Interface for callers
People can share their voices with Call Collect by calling in or by using a web widget. Those who call by phone will hear prompts in sequence, with opportunities to record their responses after each.
Those recording via web widget read a short description of the project written by the journalist, then record their responses to each prompt directly in the web browser (mobile or desktop).
Reflection and Future Work
I plan to continue work on Call Collect, in order to make it as useful and accessible to as many people as possible. While it has been designed with radio and podcast producers in mind, structured audience engagement and crowdsourcing can benefit journalists working in any medium—and perhaps many non-journalists too.
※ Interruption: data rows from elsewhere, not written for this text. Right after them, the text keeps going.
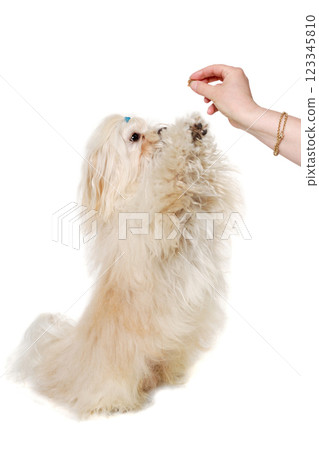 Sad Coton De Tulear dog begging for food. Taken on a clean white background Sad Coton De Tulear dog begging for food. Taken on a clean white background 123345810
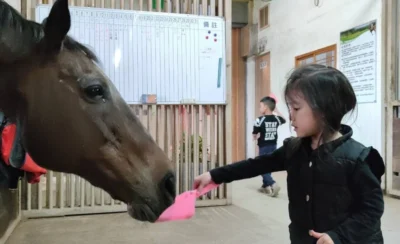 宜蘭｜噶馬蘭馬術運動場｜騎馬體驗｜戶外・河畔騎乘-KLOOK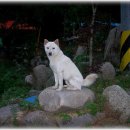 진주 농장 이미지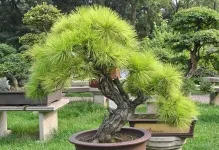 Bonsai собствените си ръце как да се направи стъпка по стъпка, от бор и от дървото на пари, майсторски клас от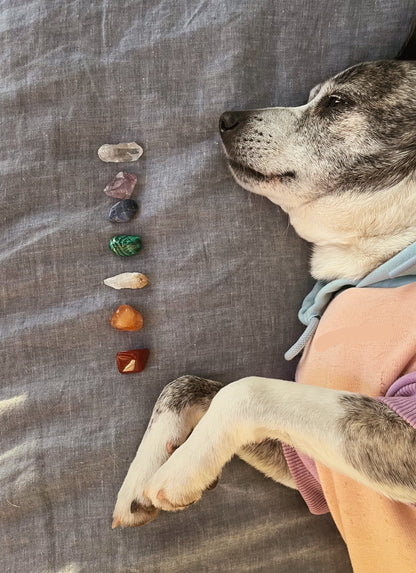 Dog lying on a textured surface with crystals arranged vertically next to it.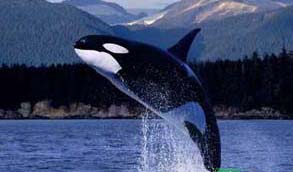 鲸是哺乳动物吗为什么不吃东西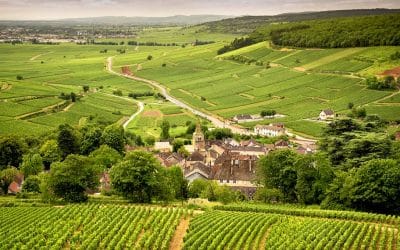 Parcourir les routes des vins en France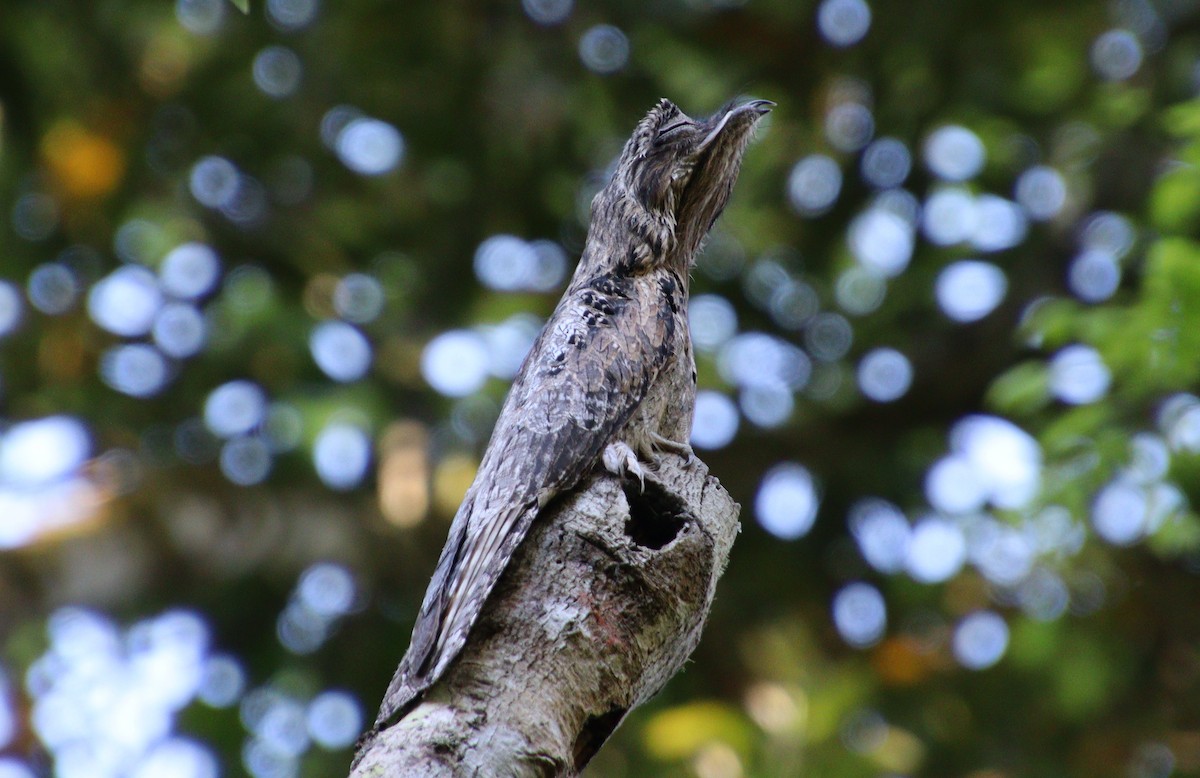 Common Potoo - ML315787691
Future features may include the ability to collect non-audio content via SMS, email, or further web widgets. I have no interest in simply replicating existing software that already provides these functionalities—from GroundSource to MailChimp to Hearken to Google Forms— but perhaps future work can integrate with these tools, or else provide a simple alternative to some of the more full-fledged audience engagement services for newsrooms with limited resources.
By far the most crucial part of the development process was receiving feedback from the California Speaks team. I regret not doing more iterative user testing, and while this write-up marks a version 1 release, I look forward to prototyping Call Collect with more journalists in the near future. I encourage anyone interested to get in touch. I hope that this project can, in a small way, help make journalism more attentive to those it serves.
First, thanks to Dan Nguyen, who has been a generous advisor on this project. Thanks also to Leah Culver, Brandon Grugle, Claire Mullen, and Sonia Paul for creating the first version of Call Collect with me, and Lam Thuy Vo for her continual encouragement of this work. Thanks to Angela Johnston and the others on the California Speaks team who shared their feedback. And to all those who have inspired me to think about how technology can help journalism serve its audience, including Alina Fichter, Louis Lafair, Ash Ngu, Cathy Deng, and Jay Hamilton.